Search code examples
rggplot2plotmedian

GGplot2 Add medians in two different part of the graph


I am trying to plot median values into a graph for a single case study. Unfortunately, I cannot get the result I would like to have. Here's my code.

Rate <- c(8, 4, 5, 5, 5, 4, 8, 7, 18, 15, 9, 8, 17, 19, 11, 11)
Phase <- c("A", "A", "A", "A", "A", "A", "A", "A", "B", "B", "B", "B", "B", "B", "B", "B")
Occasions <- c(1, 2, 3, 4, 5, 6, 7, 8, 9, 10, 11, 12, 13, 14, 15, 16)
db4 <- data.frame(Occasions, Phase, Rate)

medians <- db4 %>% 
      group_by(Phase) %>% 
      mutate(M = median(Rate))

    ggplot(data = db4, aes(x = Occasions, y = Rate)) +
      geom_point(aes(colour = Phase)) +
      geom_line(aes(group = Phase, color = Phase)) +
      geom_hline(yintercept = medians$M, colour = 'red') +
      geom_vline(xintercept = 8.5, linetype = "dashed", color = "blue", size = 0.5) +
      xlab("Occasions") +
      ylab("Ratings")

Below, you can find the plot that comes from this code. However, both median lines are currently red and extend across the whole plot. I would like to have the first red median line only in the left side of the graph and a second BLUE median line only in the right side of the graph. I also would like to add titles for the two sides which are "Baseline" and "Intervention"

Thanks for any help!


Solution

  • Here is how I would approach this plot. I wouldn't use facets because you want to keep everything on one axis, but I wouldn't use two titles either. Instead, just relabel your legend to make clear which points are Baseline and which are Intervention.
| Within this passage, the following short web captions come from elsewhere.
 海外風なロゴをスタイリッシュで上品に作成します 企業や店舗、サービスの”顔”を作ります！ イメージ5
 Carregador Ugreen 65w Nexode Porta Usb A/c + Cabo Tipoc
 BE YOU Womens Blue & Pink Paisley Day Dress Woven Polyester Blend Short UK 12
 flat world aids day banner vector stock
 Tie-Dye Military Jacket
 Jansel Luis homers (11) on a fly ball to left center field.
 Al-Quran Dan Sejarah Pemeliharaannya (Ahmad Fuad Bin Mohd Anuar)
    To fix the median lines and prevent them crossing the whole plot, you need to use geom_segment instead of geom_hline. This also means you need to add some more columns to your medians data frame to provide the right inputs (start and end coordinates for the segments). I move color = Phase to the top ggplot() so geom-segment inherits and splits the two phases. Finally I made geom_vline use aesthetics for xintercept so its position isn't hardcoded (may or may not be ideal in your case).

    library(tidyverse)
    db4 <- data.frame(
      Rate = c(8, 4, 5, 5, 5, 4, 8, 7, 18, 15, 9, 8, 17, 19, 11, 11),
      Phase = c("A", "A", "A", "A", "A", "A", "A", "A", "B", "B", "B", "B", "B", "B", "B", "B"),
      Occasions = c(1, 2, 3, 4, 5, 6, 7, 8, 9, 10, 11, 12, 13, 14, 15, 16)
    )
    
    medians <- db4 %>% 
      group_by(Phase) %>%
      summarise(
        y = median(Rate),
        x_start = min(Occasions),
        x_end = max(Occasions)
        )
    
    ggplot(data = db4, aes(x = Occasions, y = Rate, color = Phase)) +
      geom_point() +
      geom_line() +
      geom_segment(
        data = medians,
        mapping = aes(x = x_start, xend = x_end, y = y, yend = y)
        ) +
      geom_vline(
        mapping = aes(xintercept = median(Occasions)),
        linetype = "dashed",
        color = "blue",
        size = 0.5
        ) +
      labs(x = "Occasions", y = "Ratings") + 
      scale_colour_hue(labels = c("Baseline", "Intervention"))
    

    Created on 2018-08-13 by the reprex package (v0.2.0).